BLEU Score/en

Overview

The BLEU score (Bilingual Evaluation Understudy) is an automatic evaluation metric for machine-translated text, introduced by Papineni and colleagues at IBM Research in 2002. It scores a candidate translation against one or more human reference translations on a scale from 0 to 1 (or 0 to 100 in the percentage form most commonly reported), with higher values indicating closer agreement with the references. Its design goals were to be cheap, language-independent, and to correlate with human judgement on average over a corpus, so that translation researchers could iterate on systems without commissioning a human evaluation for every change.

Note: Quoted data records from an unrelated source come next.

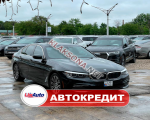 продам BMW 5er 530 в пмр  фото 2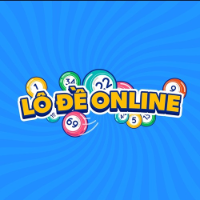Lô đề online picture Lô đề online profile image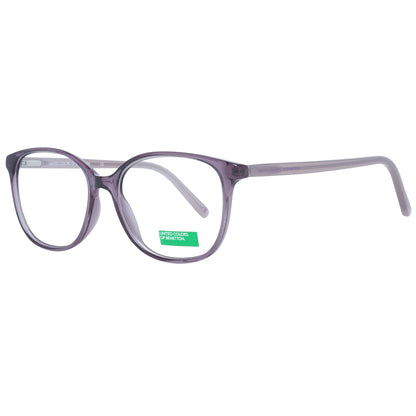 BENETTON MOD. BEO1031 53732 SUNGLASSES & EYEWEAR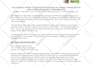 write a fast and compelling press release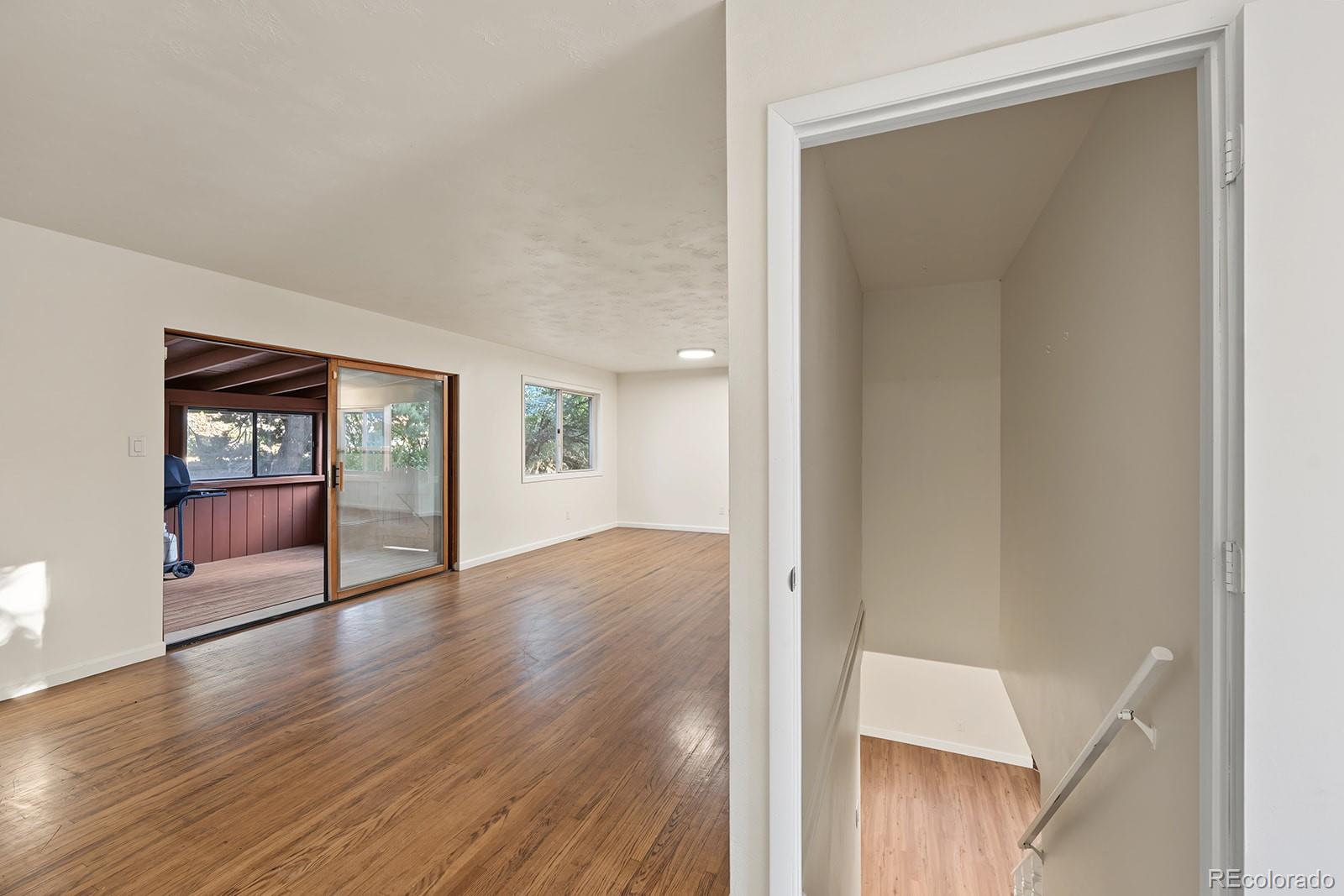 MLS Image #12 for 364 s xanadu street,aurora, Colorado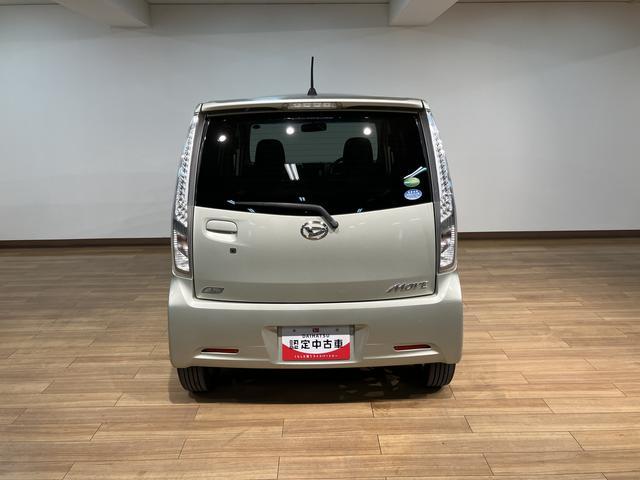 ムーヴカスタム X SA/サポカーSベーシック適合/1年保証1年間走行距離無制限保証 車検整備付 キーフリー オートエアコン オートライト チルトステアリング 運転席シートリフター トップシェイドガラス 14インチアルミホイール LEDヘッドライト(大阪府)の中古車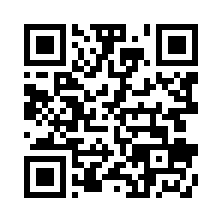 QR Code for dash:XmpESVhvdXvmtQdLbSW1N8EFAbft3hKYhf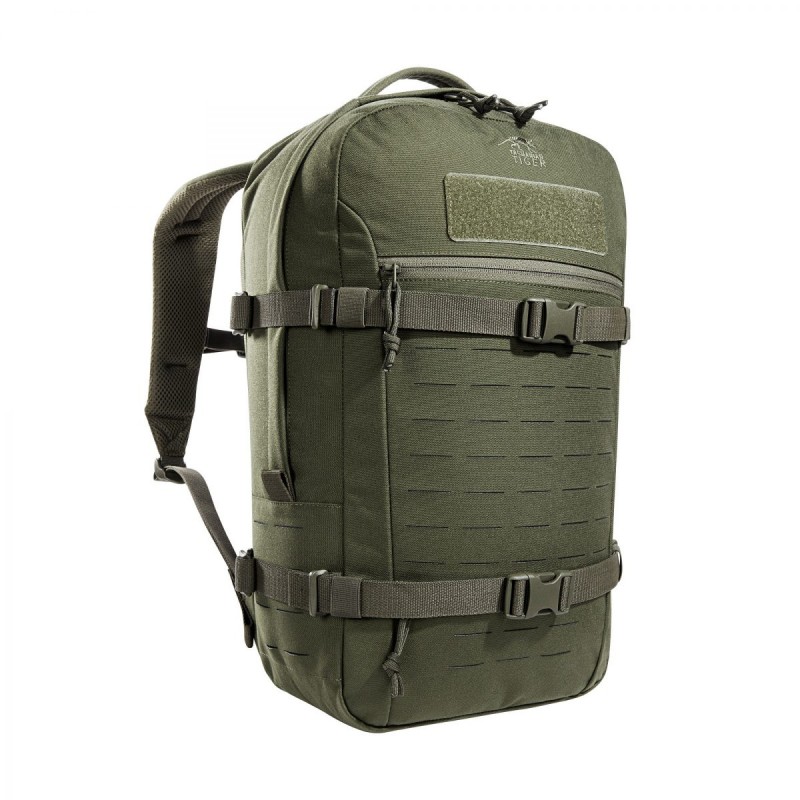 Tasmanian Tiger Modular Daypack XL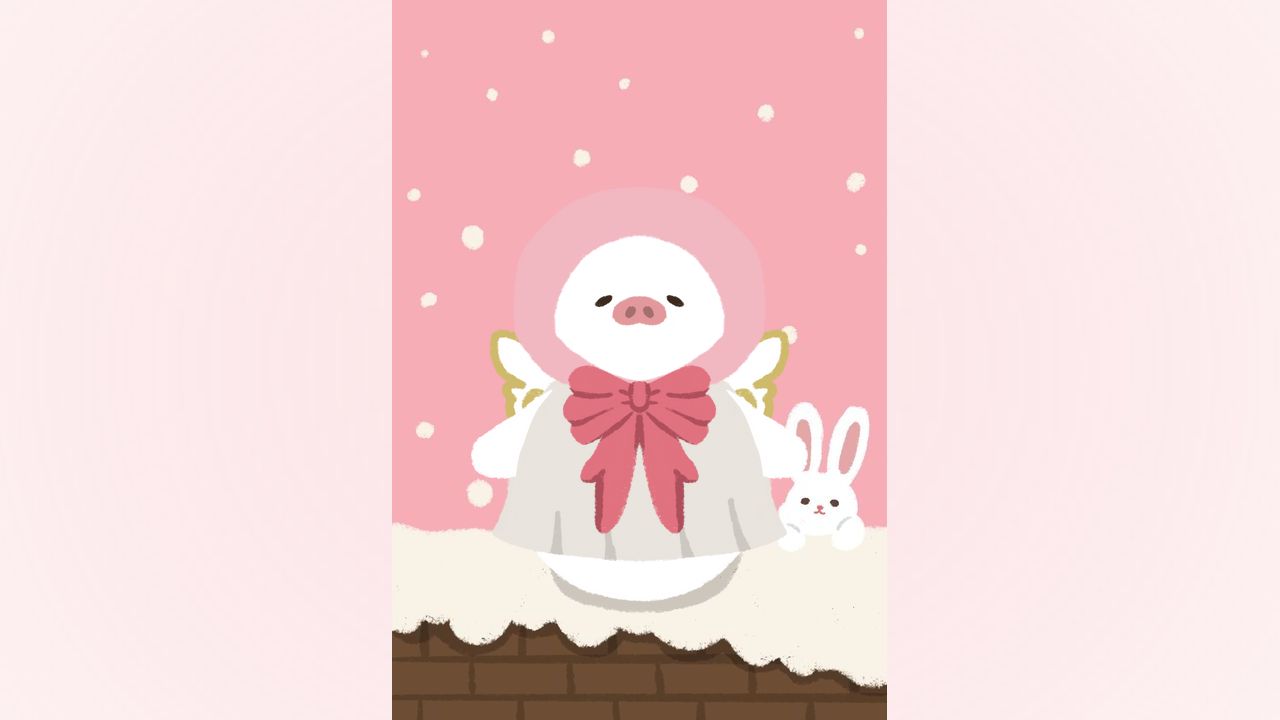 Snowman thumbname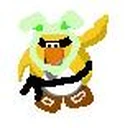 Hatpopninja.jpg
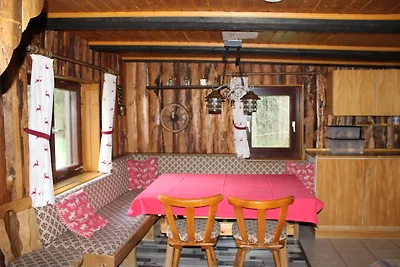 Mulino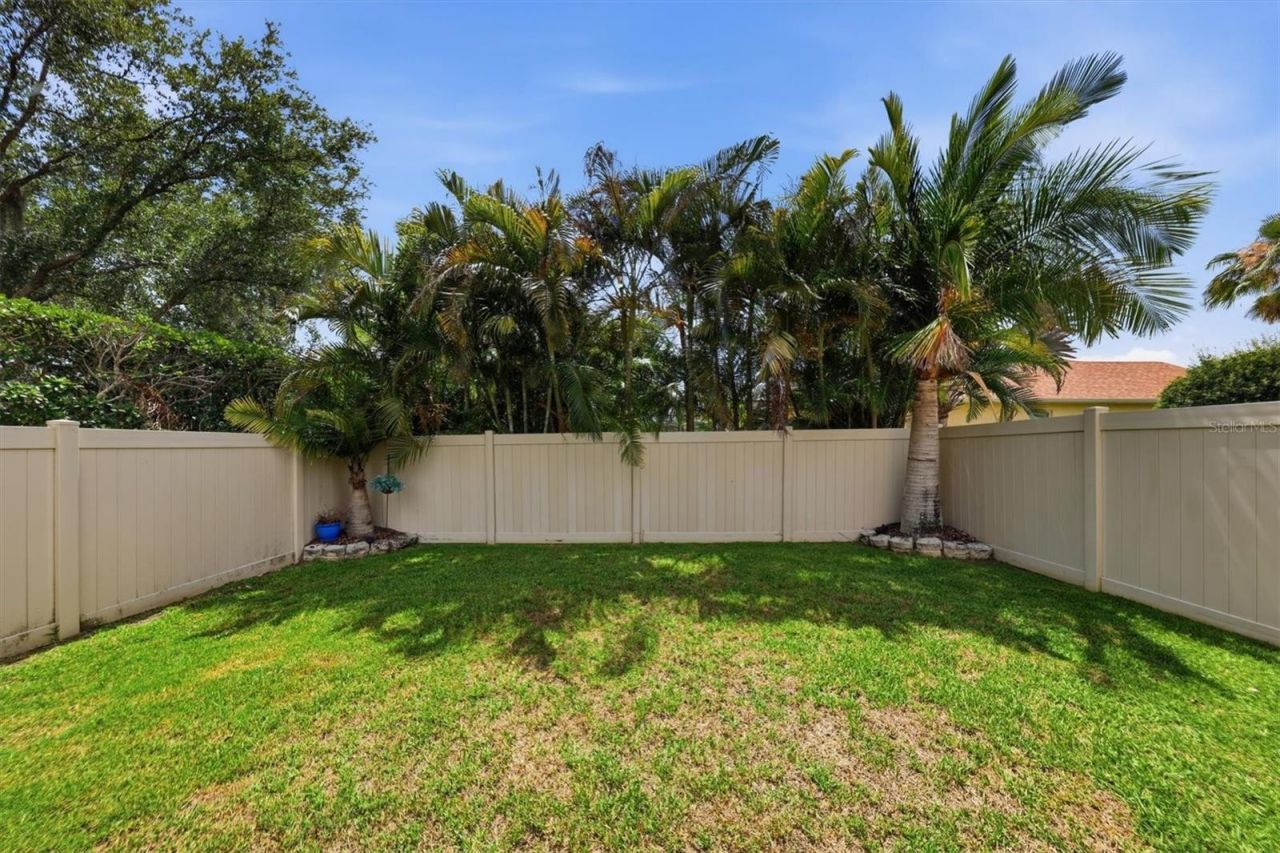 12903 49th Lane E, Parrish, FL 34219 Photo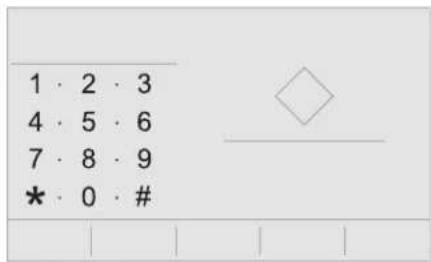 DS 7 (2022) - Menus - 4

BLEU is built from two ideas. The first is modified n-gram precision: it counts how many of the n-grams in the candidate also appear in any reference, with each reference n-gram only available to be matched a bounded number of times so that repeating a single common phrase does not inflate the score. The second is a brevity penalty that multiplies the precision score down whenever the candidate is shorter than the reference, since precision alone has no defence against a short, dense translation that prints only a few high-confidence words. The geometric mean of the modified precisions for n = 1 through 4, multiplied by the brevity penalty, is the BLEU score. Despite well-documented weaknesses, this construction has remained the default headline number in machine-translation papers for two decades, in part because it is reproducible enough that two groups can agree on a number, and in part because no successor metric is simultaneously simple, free, and language-agnostic.

History and motivation

Before BLEU, the dominant evaluation method in machine translation was human rating along axes such as adequacy and fluency. Human evaluation is the gold standard but is slow and expensive: a typical campaign costs weeks of work and tens of thousands of dollars, which made it impractical to use during system development. The IBM team proposed BLEU as an "understudy" that researchers could query repeatedly during a development cycle, with human evaluation reserved for occasional calibration. The 2002 paper showed that BLEU correlated reasonably with human judgement at the corpus level across multiple systems and languages, and the metric was rapidly adopted by the WMT and NIST evaluation campaigns. Its introduction is widely credited with accelerating the statistical machine-translation era of the mid-2000s.

Modified n-gram precision

For a given order $ n $, the modified precision $ p_n $ compares the n-grams of the candidate against the references. Let $ C $ be the candidate and $ \{R_1, \ldots, R_m\} $ be the reference set. For each n-gram $ g $ appearing in $ C $, define the count $ \mathrm{count}(g, C) $ in the candidate and the maximum count $ \mathrm{max\_ref\_count}(g) = \max_i \mathrm{count}(g, R_i) $ over the references. The clipped count is

$ {\displaystyle \mathrm{count}_{\mathrm{clip}}(g) = \min\big(\mathrm{count}(g, C), \mathrm{max\_ref\_count}(g)\big),} $

and the modified precision is

$ {\displaystyle p_n = \frac{\sum_{g \in C} \mathrm{count}_{\mathrm{clip}}(g)}{\sum_{g \in C} \mathrm{count}(g, C)}.} $

The clipping step is what distinguishes modified precision from naive precision. The original paper motivates it with a worked example: a candidate that consists solely of the word "the" repeated seven times would obtain unigram precision 1 against any reference containing "the", because every word in the candidate is in some reference. Clipping bounds the contribution of "the" by the maximum number of times it appears in any single reference, restoring a sensible score. The same logic applies to longer n-grams; in practice clipping matters most for unigrams, where pathological repetition is most common.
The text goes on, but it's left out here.